Instructions for the task: Omit every picture, then return the listing verbatim.

Stored data:
┌──
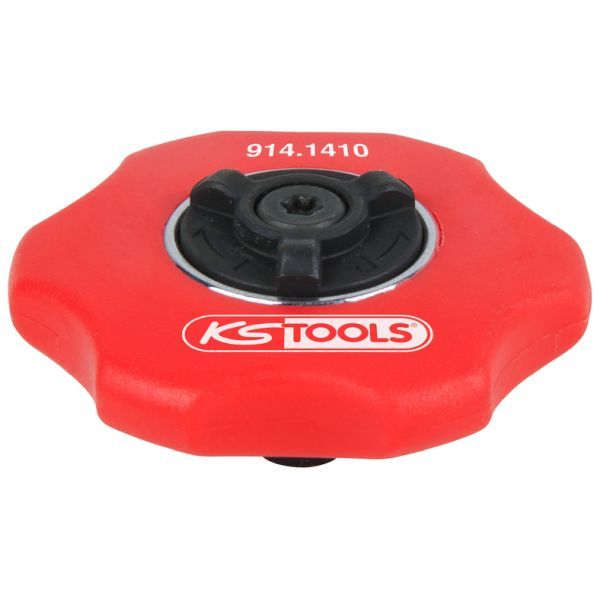 Cheie cu clichet KS TOOLS 914.1410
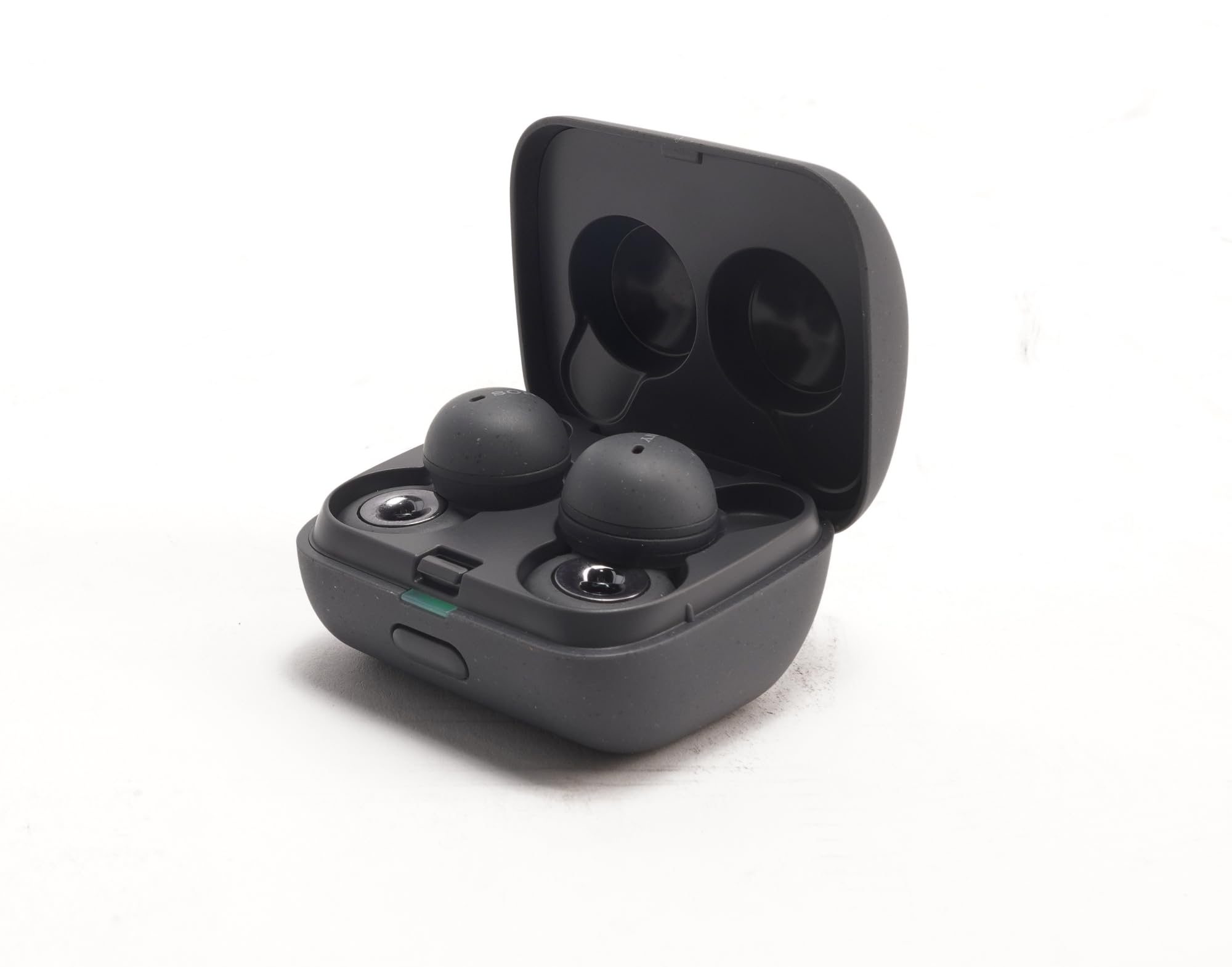Auriculares Verdaderamente Inalámbricos Sony Linkbuds Uc Para Microsoft Teams - Venta Internacional.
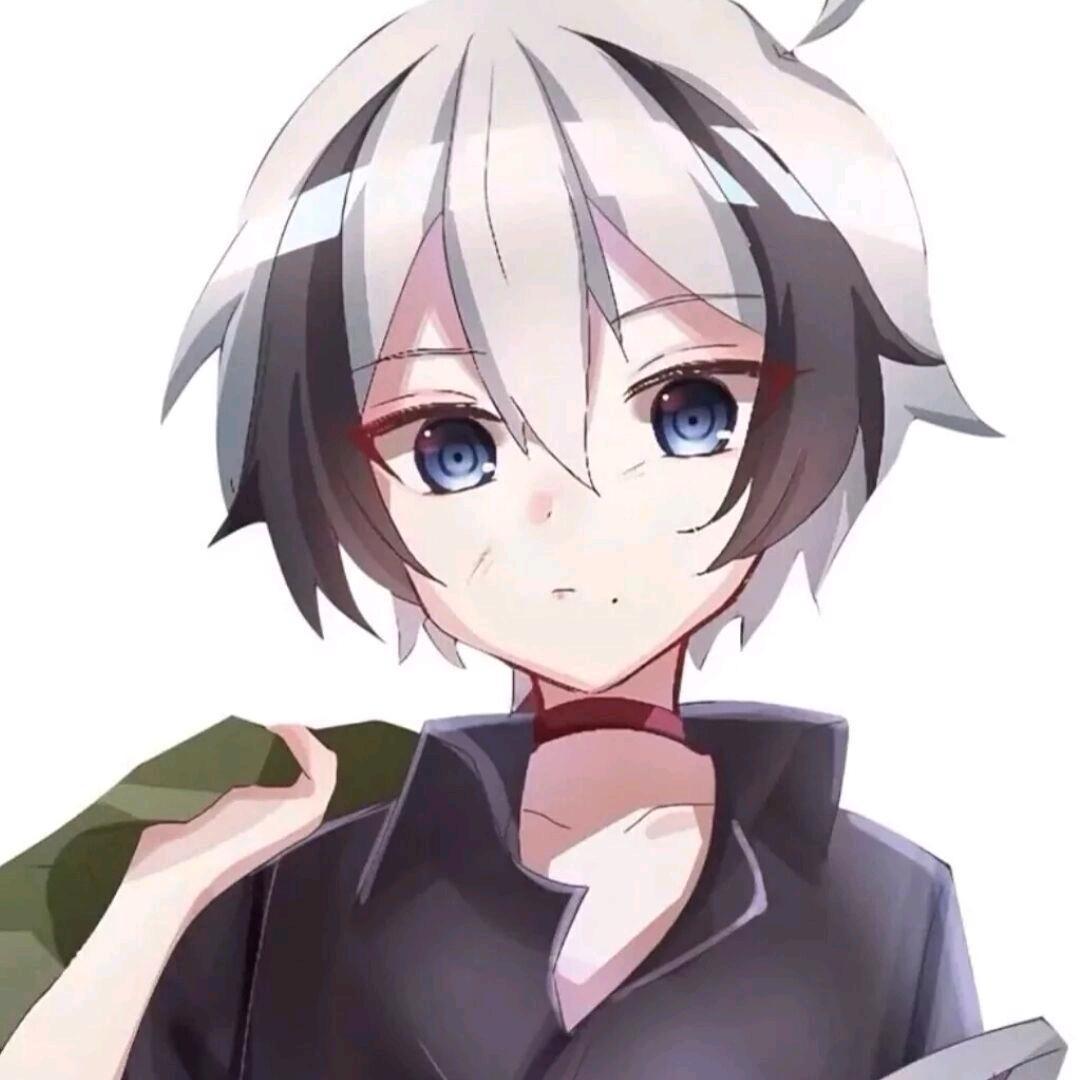 清冽（打野教学）@抖音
└──
Response to the task:
 Cheie cu clichet KS TOOLS 914.1410
Auriculares Verdaderamente Inalámbricos Sony Linkbuds Uc Para Microsoft Teams - Venta Internacional.
 清冽（打野教学）@抖音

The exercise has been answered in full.